Personalmente anch’io condivido tale orientamento giurisprudenziale che conferisce all’ente mutante una posizione di responsabilità per gli equilibri del mercato. Tale posizione di garanzia deriva dallo status di operatore professionale della banca che eroga il credito, proprio nell’ambito della propria attività istituzionale. Peraltro, il sistema bancario è oggi dotato di specifiche competenze e strumenti tecnologici all’avanguardia, che gestiscono algoritmi in grado di predisporre paradigmi contrattuali ben conformi alla vigente normativa antiusura.
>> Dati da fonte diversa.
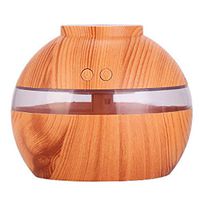 DREZZED Home Creative Ultrasonic Aromatherapy Humidifier Mute Mist Air Purifier Diffuser Shoulder Bags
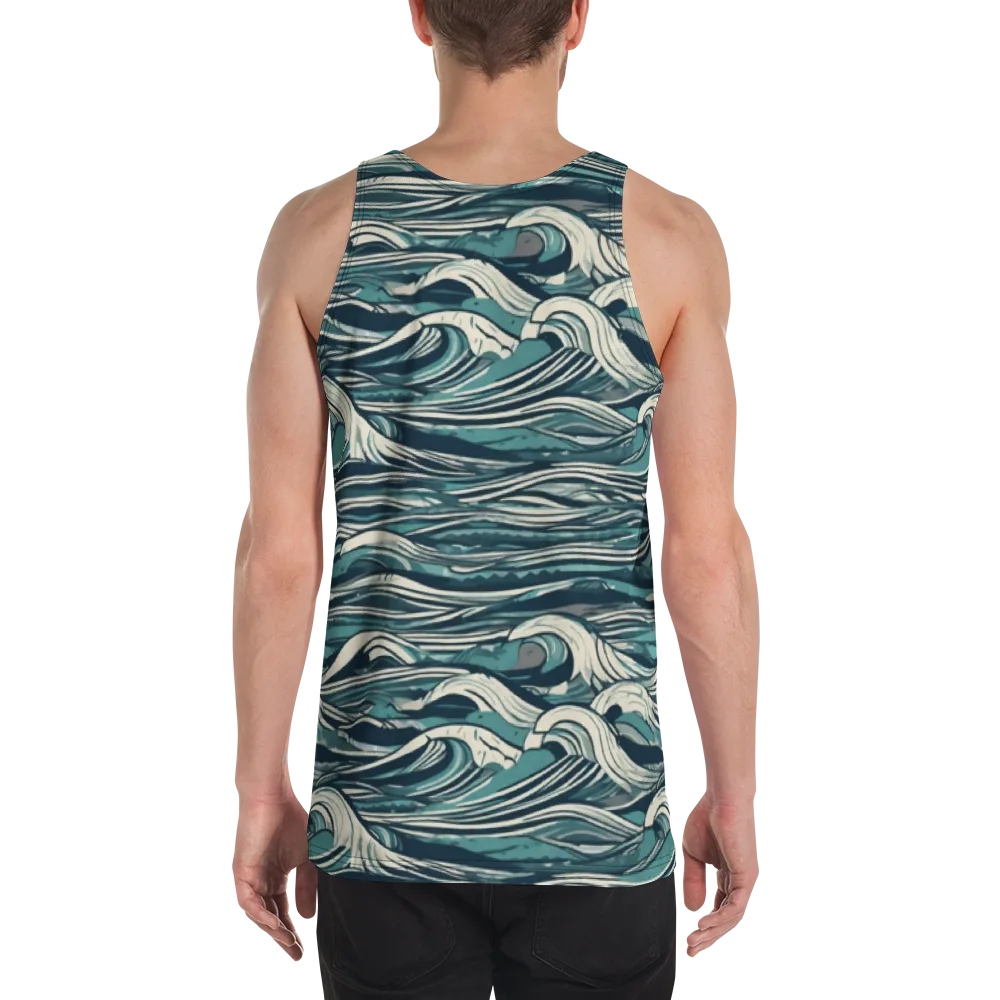 Breaker’s Ledger on Men's Tank Top — Back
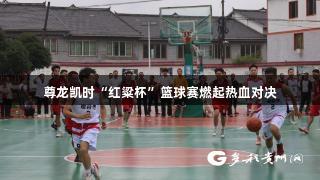 尊龙凯时“红粱杯”篮球赛燃起热血对决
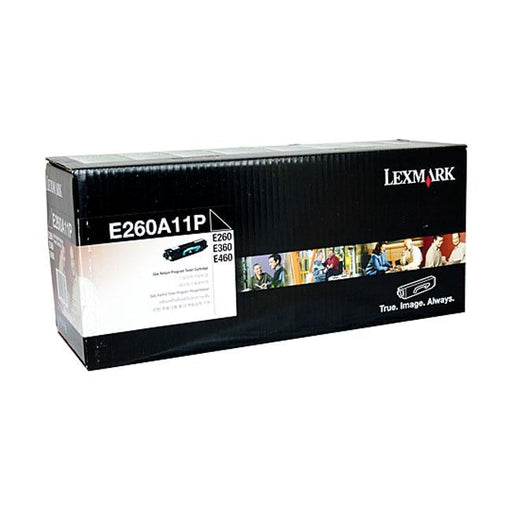 Lexm E260A11P Prebate Toner - Folders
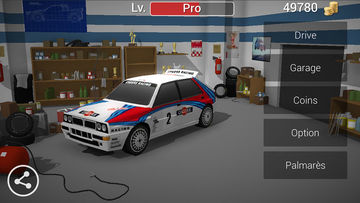 Rally Legends The Game Game Screenshot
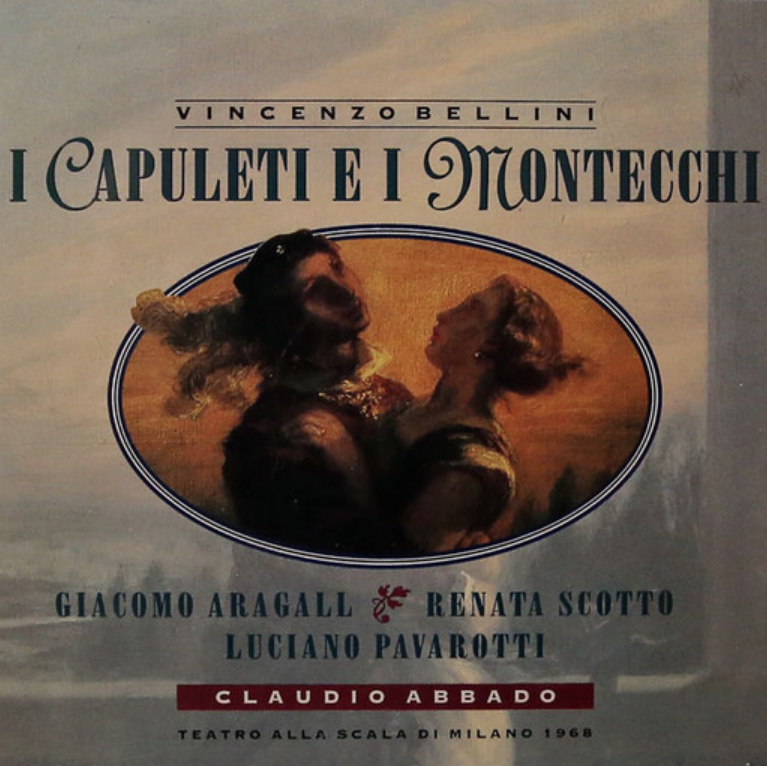 Vincenzo Bellini - Juliet's Aria (from the opera 'I Capuleti e I Montecchi') piano sheet music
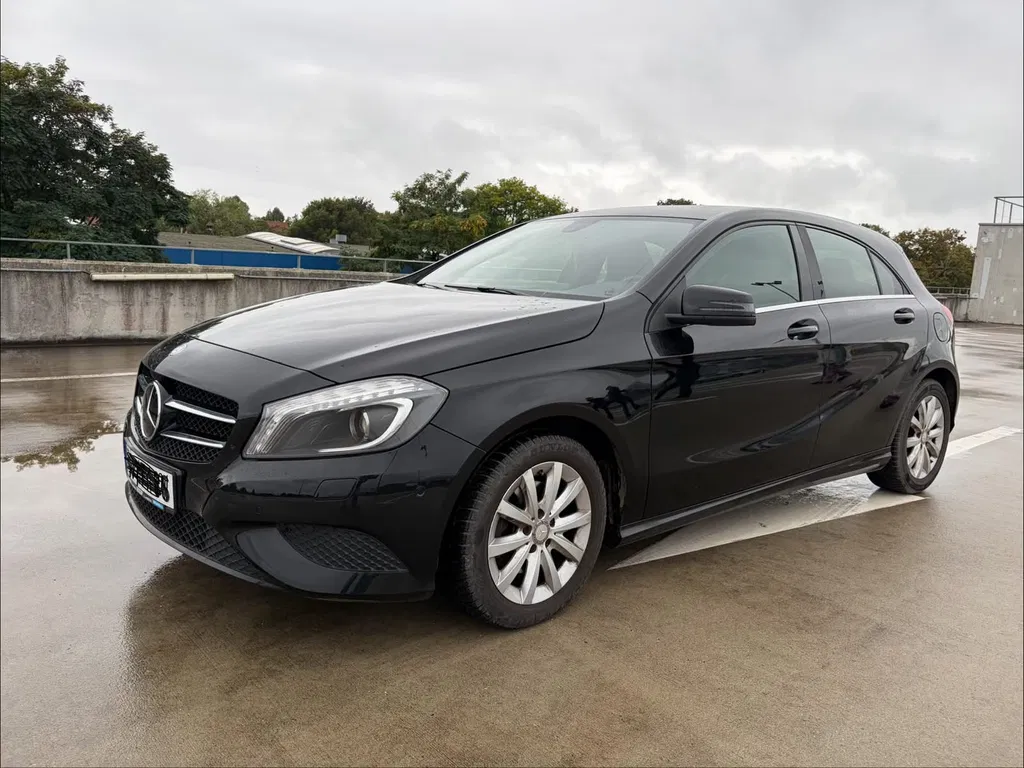 Zdjęcie: 2012 Mercedes-Benz A Klasa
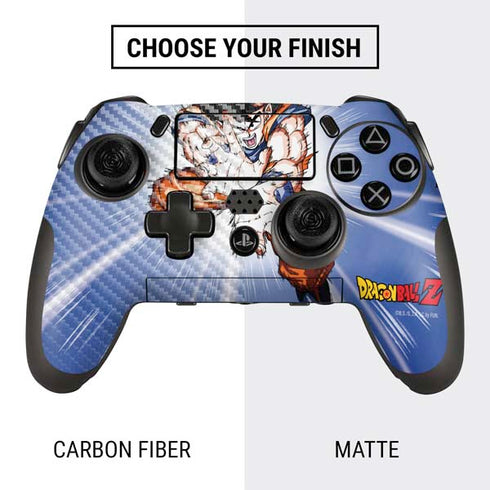 Dragon Ball Z Goku Kamehameha Blast PlayStation Scuf Vantage 2 Controller Skin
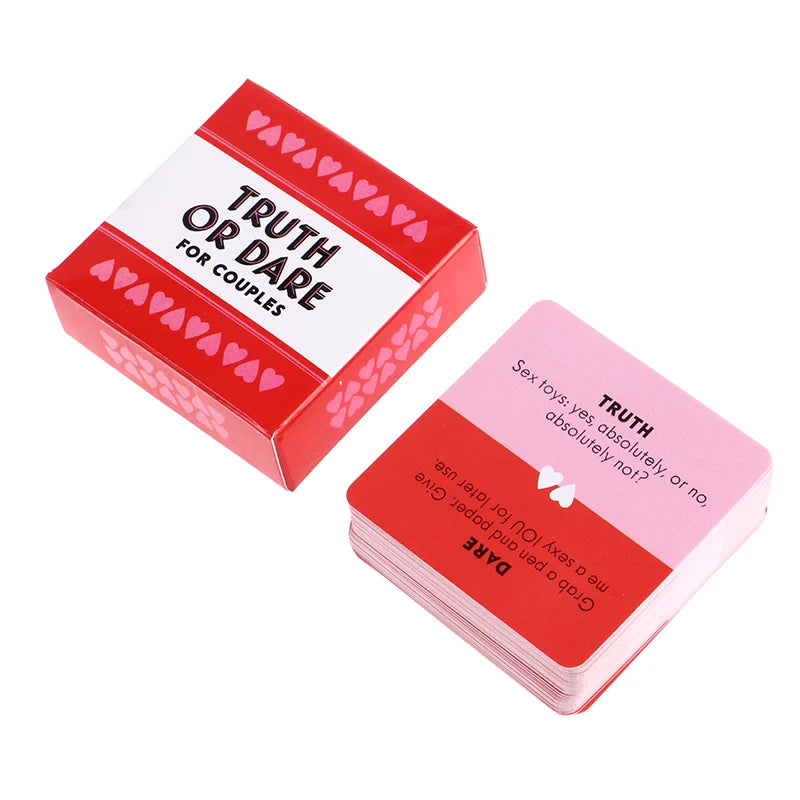 Mini Truth or Dare – Pocket-Sized Fun for Couples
In ogni caso, l’incertezza interpretativa della normativa vigente, unitamente ad una buona dose di diffidenza reciproca tra il ceto correntista ed il ceto bancario, hanno contribuito, in questi anni, ad aumentare in modo significativo il contenzioso in questo specifico ambito del diritto bancario. Pertanto, un deciso intervento del legislatore appare quanto mai auspicato, proprio nell’interesse delle parti coinvolte e nell’ottica di una pronta ripresa del sistema economico e finanziario del nostro paese.